Some of the stories here are short and very slight. “Comma,” about the brief tormenting of an invalid by a mad, violent child, and “The Long QT,” a pitch-black joke about one quick way to end a marriage, are barely vignettes. “Winter Break” is a brief bit of ghoulishness about a vacation from hell, and “The Heart Fails Without Warning” is about two sisters, teasingly close, though one is on the brink of starving to death. “Terminus” is an outright ghost story, with no real twist; “Harley Street” is evidence that Mantel knows her way around vampires, especially those who pretend to be normal medical personnel. The story is narrated by a newcomer to the vampire-run clinic who doesn’t see why steak tartare at a restaurant elicits such a strong response from a colleague.

And “How Shall I Know You?,” one of a few fully formed stories in this collection, might have been called “The Author’s Revenge.” It is discreetly savage payback for every dismal 15-seat author’s appearance and night at a terrible hotel Mantel must have put in during her lean years. Feeling vengeful, the author in the story confounds one audience by saying, “Why don’t you call me Rose?” Of course, Rose is not her name.

What if?

Finally, the pièce de résistance. “The Assassination of Margaret Thatcher” allows Mantel to transform a convenient coincidence in her own life into an opportunistic political fantasy. Mantel lived in Windsor, England, when Thatcher had eye surgery at a hospital there, and Mantel’s window had an unobstructed view of the hospital entrance. Thus a simple, murderous “What if?” from the author becomes a work of displaced animosity connecting an innocent woman minding her own business at home with a wish-fulfilling assassin for the Irish Republican Army. Arriving in the guise of a plumber sent to fix the woman’s boiler, the assassin commandeers her apartment and makes her his prisoner.

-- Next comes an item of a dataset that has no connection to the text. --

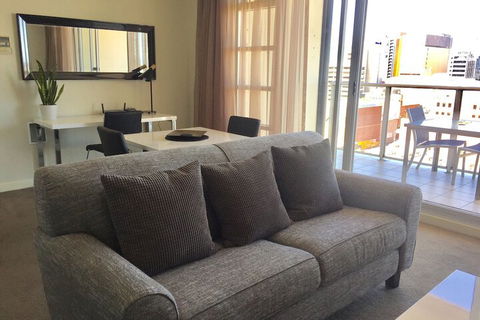 Adelaide DressCircle Apartments North Terrace - Sydneys Hotel 5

Not that the woman minds this one bit. She hates Thatcher as much as the assassin does, and they engage in a spirited dialogue about whether Irish ancestry counts as serious political commitment or if that’s just malarkey. (“I don’t care about the songs your great-uncles used to sing on a Saturday night,” he tells her.) The story is set in 1983, and Mantel has said it took her a long time to get it to a full boil — which it has certainly reached, if the early reaction of Thatcherite British politicians is any indication.

Regardless, the woman in the apartment pulls no punches about her complete sympathy for the assassin and her own hatred for Thatcher. “She sleeps four hours a day,” she says. “She lives on the fumes of whiskey and the iron in the blood of her prey.” Perhaps she is having the eye operation because she is incapable of producing natural tears.

Because these stories lack the absolute toughness of the Cromwell books, and because they rely on a spiritual dimension that amounts to a narrative escape hatch, Mantel includes a passage about why events that might have changed history, such as the assassination of Margaret Thatcher, exist in a netherworld where they either did or didn’t happen. “History could always have been otherwise,” she writes.

Long story short: Mantel can’t kill off Margaret Thatcher. But it is not a matter of bloodthirstiness to wish Mantel were as firm here as she is in her best books, which require no dodging for their historical narratives, and which so brilliantly amplify what is already known.